Jewish Nonprofit Inks Direct Deal at 77 Water Street
A large social services nonprofit, the Metropolitan Council on Jewish Poverty, inked a direct deal with the William Kaufman Organization to relocate and double its offices at 77 Water Street, Commercial Observer has learned.
The Met Council signed a lease for 21,692 square feet on the entire top floor of the 26-story building between Old Slip and Gouverneur Lane, a spokeswoman for the landlord said. The spokeswoman would not provide terms of the deal, but CoStar Group data lists asking rents in the property as between $59 to $60 per square foot.

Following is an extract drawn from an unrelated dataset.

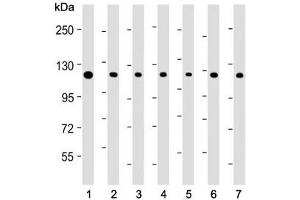 Western Blotting (WB) image for anti-Telomerase Reverse Transcriptase (TERT) (AA 627-656) antibody (ABIN3029108)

The nonprofit currently subleases space on the sixth and seventh floors of 77 Water Street and plans to move into its new digs in November. Its larger offices will accommodate Met Council’s growing team of 200 as well as let it expand its programming, including operating a food pantry for its clients inside, said David Greenfield, the CEO of the Met Council.
“It’s a great building and we’re very happy with the location,” Greenfield said. “We’re very excited to be staying in the same building and to be consolidating [to one floor] and growing.”

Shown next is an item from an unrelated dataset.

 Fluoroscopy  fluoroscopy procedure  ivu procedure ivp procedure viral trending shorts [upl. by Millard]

Aside from Met Council, William Kaufman also signed a direct deal with software developer Caissa to keep its space and expand, the spokeswoman said.

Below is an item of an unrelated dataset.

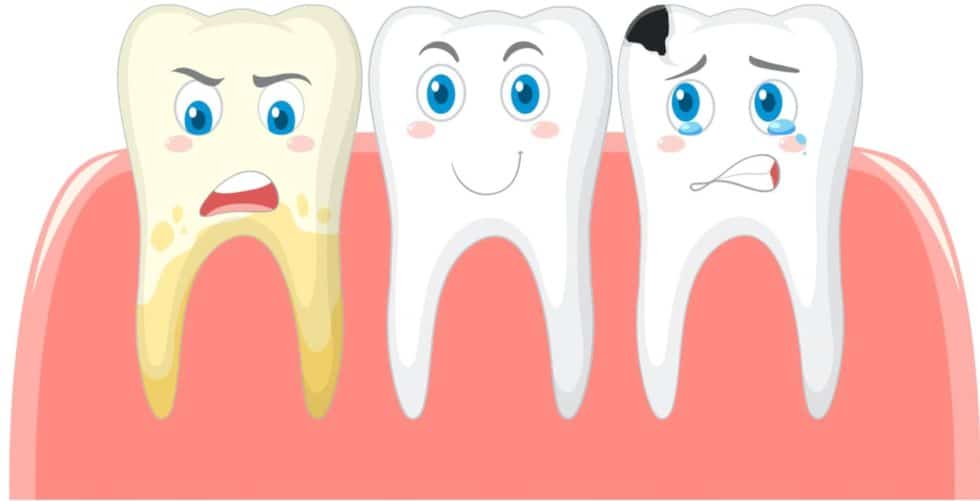 What Causes Cavities and Tooth Decay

Caissa currently leases 2,865 square feet on the second floor and the new deal will bring its presence to 6,847 square feet on the 24th floor, according to the landlord and CoStar Group data.
Michael Lenchner of Sage Realty Corporation, the leasing and management arm of William Kaufman, handled the deal for the landlord along with CBRE’s Jonathan Cope, Adam Leshowitz and Nate Katz.
SL Green Realty Corp.’s Howard Tenenbaum and Gary Rosen represented Caissa while Met Council had no brokers. A spokesman for SL Green declined to comment.
“Since launching our new leasing campaign earlier this year, 77 Water Street has been very well-received by a wide range of different companies,” Lenchner said in a statement.
Other tenants in the 600,000-square-foot tower include law firm Lewis Brisbois Bisgaard & Smith, architect Arup and coworking company Regus.